AVELLINO- “L’omicidio di Aldo Gioia fu ideato, organizzato ed eseguito dai due imputati in concorso fra di loro”. E’ uno dei passaggi chiave delle trentaquattro pagine di motivazioni della sentenza emessa il 24 maggio scorso (e depositata l’11 agosto) nei confronti di Giovanni Limata ed Elena Gioia, noti come i “fidanzatini” killer, condannati a ventiquattro anni di reclusione (così come aveva chiesto al termine della sua requisitoria il pm della Procura di Avellino Vincenzo Russo) per il delitto di Aldo Gioia, padre di Elena.

Il perché della condanna è stato ricostruito sulla base dell’istruttoria dal presidente della Corte di Assise di Avellino (ed estensore della stessa sentenza) il giudice Gian Piero Scarlato. Tra qualche ora scadranno i termini di impugnazione della sentenza, molto probabile che sarà opposta dalle difese dei due imputati, l’avvocato Livia Rossi che difende Elena Gioia e l’avvocato Rolando Iorio che rappresenta invece Giovanni Limata, autore materiale del delitto.

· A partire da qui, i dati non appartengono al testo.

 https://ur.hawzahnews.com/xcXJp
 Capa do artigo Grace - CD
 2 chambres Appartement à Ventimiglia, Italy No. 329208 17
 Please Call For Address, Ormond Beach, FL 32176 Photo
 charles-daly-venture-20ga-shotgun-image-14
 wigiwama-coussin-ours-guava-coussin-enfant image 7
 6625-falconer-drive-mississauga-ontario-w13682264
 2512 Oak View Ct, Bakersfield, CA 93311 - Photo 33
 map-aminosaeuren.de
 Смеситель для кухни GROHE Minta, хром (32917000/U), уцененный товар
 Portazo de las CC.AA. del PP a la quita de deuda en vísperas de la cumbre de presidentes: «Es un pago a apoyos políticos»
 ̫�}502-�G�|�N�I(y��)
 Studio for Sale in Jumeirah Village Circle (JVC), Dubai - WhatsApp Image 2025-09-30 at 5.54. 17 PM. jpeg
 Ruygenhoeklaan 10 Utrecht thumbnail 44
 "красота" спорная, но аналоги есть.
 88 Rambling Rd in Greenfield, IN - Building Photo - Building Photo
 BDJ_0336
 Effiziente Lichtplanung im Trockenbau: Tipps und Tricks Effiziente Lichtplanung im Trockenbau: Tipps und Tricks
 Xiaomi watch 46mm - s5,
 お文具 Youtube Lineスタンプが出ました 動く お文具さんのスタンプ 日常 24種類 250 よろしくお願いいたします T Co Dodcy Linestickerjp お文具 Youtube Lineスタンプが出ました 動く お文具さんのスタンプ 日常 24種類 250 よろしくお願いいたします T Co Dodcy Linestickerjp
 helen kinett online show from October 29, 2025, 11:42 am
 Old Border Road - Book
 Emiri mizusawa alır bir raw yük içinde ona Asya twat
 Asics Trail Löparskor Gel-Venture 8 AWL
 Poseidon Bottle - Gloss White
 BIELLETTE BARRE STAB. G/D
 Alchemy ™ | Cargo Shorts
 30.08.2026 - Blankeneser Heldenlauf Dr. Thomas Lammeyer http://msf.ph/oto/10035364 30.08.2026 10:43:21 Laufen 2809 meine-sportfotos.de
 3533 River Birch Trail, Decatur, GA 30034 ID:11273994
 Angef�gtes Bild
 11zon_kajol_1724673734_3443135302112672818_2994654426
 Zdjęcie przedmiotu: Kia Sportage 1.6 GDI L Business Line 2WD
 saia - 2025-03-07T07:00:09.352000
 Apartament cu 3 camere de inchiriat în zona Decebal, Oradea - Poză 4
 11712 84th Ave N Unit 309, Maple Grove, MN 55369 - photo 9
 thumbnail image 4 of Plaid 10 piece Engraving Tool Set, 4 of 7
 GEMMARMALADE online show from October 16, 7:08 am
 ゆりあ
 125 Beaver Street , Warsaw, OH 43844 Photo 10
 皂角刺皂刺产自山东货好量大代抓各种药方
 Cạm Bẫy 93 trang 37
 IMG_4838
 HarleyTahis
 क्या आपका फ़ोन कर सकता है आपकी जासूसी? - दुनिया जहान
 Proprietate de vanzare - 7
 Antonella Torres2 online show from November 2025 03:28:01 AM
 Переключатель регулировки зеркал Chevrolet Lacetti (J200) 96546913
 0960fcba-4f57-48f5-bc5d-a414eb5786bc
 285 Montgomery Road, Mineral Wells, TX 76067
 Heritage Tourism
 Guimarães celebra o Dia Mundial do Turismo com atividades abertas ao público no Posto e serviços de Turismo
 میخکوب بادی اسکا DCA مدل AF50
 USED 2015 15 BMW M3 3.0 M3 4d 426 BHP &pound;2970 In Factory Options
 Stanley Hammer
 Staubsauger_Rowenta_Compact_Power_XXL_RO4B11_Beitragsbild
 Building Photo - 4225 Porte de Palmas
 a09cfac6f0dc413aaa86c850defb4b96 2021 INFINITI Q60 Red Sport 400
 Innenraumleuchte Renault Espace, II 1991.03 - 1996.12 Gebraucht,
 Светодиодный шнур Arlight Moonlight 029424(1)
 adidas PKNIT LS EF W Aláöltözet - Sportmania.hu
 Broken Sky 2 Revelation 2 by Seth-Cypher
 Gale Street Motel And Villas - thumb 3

Le altre parti in causa sono quelle che rappresentano i familiari della vittima e anche dell’imputata. Si tratta dell’ avvocato Brigida Cesta che difende i fratelli della vittima, Giancarlo e Gaetano Gioia e dell’avvocato Francesca Sartori che difende la moglie e la figlia della vittima (mamma e sorella di Elena Gioia). Nei giorni scorsi Limata era tornato alla ribalta della cronaca per l’ennesimo episodio di autolesionismo all’interno del carcere di Bellizzi Irpino dove è detenuto dall’aprile del 2021.

IL DELITTO E LE INDAGINI
Come è noto la vicenda giudiziaria si riferisce al gravissimo fatto di sangue avvenuto intorno alle 22:30 del 23 aprile 2021 all’interno dell’appartamento della famiglia Gioia al civico 253 di Corso Vittorio Emanuele ad Avellino. Alle successive 22: 38 giungeva una telefonata alla sala operativa della Questura di Avellino da parte di una donna, si trattava di Liana Ferrajolo, moglie della vittima, per chiedere l’intervento delle forze dell’ordine poiché il marito era stato accoltellato.

Aldo Gioia fu rinvenuto dal personale della “Volanti” riverso nel salone di casa con la figlia Emilia che tentava di tamponare la copiosa perdita di sangue con una tovaglia. L’uomo sarebbe deceduto poco dopo la mezzanotte del 24 aprile 2021 all’ospedale Moscati di Avellino.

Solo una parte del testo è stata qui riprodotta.